• _Requirement_: The records come next. Copy all of them exactly.

• _Exercise inputs_:

______________________________

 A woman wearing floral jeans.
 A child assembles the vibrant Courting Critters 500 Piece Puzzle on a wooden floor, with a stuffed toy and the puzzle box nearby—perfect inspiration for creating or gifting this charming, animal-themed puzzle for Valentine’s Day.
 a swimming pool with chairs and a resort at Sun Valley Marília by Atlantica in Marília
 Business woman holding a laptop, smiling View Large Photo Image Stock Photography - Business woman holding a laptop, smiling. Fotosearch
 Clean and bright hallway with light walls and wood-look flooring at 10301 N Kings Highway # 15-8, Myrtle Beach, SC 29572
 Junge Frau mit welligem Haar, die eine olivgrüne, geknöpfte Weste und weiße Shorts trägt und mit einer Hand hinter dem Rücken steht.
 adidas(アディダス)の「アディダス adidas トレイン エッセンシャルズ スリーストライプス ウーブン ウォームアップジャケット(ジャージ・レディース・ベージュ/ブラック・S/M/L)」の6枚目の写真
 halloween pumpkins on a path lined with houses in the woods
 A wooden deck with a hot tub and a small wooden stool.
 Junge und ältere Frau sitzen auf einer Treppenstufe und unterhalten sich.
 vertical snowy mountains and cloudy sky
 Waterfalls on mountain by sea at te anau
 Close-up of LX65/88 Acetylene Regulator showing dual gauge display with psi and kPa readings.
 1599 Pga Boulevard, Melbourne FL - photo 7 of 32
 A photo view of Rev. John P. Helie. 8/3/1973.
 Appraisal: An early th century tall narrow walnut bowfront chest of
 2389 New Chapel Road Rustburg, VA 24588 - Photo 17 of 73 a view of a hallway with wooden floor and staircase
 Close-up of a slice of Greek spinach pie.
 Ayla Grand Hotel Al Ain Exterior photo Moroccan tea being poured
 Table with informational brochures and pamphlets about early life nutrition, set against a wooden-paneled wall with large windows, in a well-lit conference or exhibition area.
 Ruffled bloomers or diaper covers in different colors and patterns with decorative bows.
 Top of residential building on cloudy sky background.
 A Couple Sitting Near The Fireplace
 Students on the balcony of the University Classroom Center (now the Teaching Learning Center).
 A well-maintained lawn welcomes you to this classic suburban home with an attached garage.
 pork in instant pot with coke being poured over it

______________________________

• _Answer box_:
 A woman wearing floral jeans.
 A child assembles the vibrant Courting Critters 500 Piece Puzzle on a wooden floor, with a stuffed toy and the puzzle box nearby—perfect inspiration for creating or gifting this charming, animal-themed puzzle for Valentine’s Day.
 a swimming pool with chairs and a resort at Sun Valley Marília by Atlantica in Marília
 Business woman holding a laptop, smiling View Large Photo Image Stock Photography - Business woman holding a laptop, smiling. Fotosearch
 Clean and bright hallway with light walls and wood-look flooring at 10301 N Kings Highway # 15-8, Myrtle Beach, SC 29572
 Junge Frau mit welligem Haar, die eine olivgrüne, geknöpfte Weste und weiße Shorts trägt und mit einer Hand hinter dem Rücken steht.
 adidas(アディダス)の「アディダス adidas トレイン エッセンシャルズ スリーストライプス ウーブン ウォームアップジャケット(ジャージ・レディース・ベージュ/ブラック・S/M/L)」の6枚目の写真
 halloween pumpkins on a path lined with houses in the woods
 A wooden deck with a hot tub and a small wooden stool.
 Junge und ältere Frau sitzen auf einer Treppenstufe und unterhalten sich.
 vertical snowy mountains and cloudy sky
 Waterfalls on mountain by sea at te anau
 Close-up of LX65/88 Acetylene Regulator showing dual gauge display with psi and kPa readings.
 1599 Pga Boulevard, Melbourne FL - photo 7 of 32
 A photo view of Rev. John P. Helie. 8/3/1973.
 Appraisal: An early th century tall narrow walnut bowfront chest of
 2389 New Chapel Road Rustburg, VA 24588 - Photo 17 of 73 a view of a hallway with wooden floor and staircase
 Close-up of a slice of Greek spinach pie.
 Ayla Grand Hotel Al Ain Exterior photo Moroccan tea being poured
 Table with informational brochures and pamphlets about early life nutrition, set against a wooden-paneled wall with large windows, in a well-lit conference or exhibition area.
 Ruffled bloomers or diaper covers in different colors and patterns with decorative bows.
 Top of residential building on cloudy sky background.
 A Couple Sitting Near The Fireplace
 Students on the balcony of the University Classroom Center (now the Teaching Learning Center).
 A well-maintained lawn welcomes you to this classic suburban home with an attached garage.
 pork in instant pot with coke being poured over it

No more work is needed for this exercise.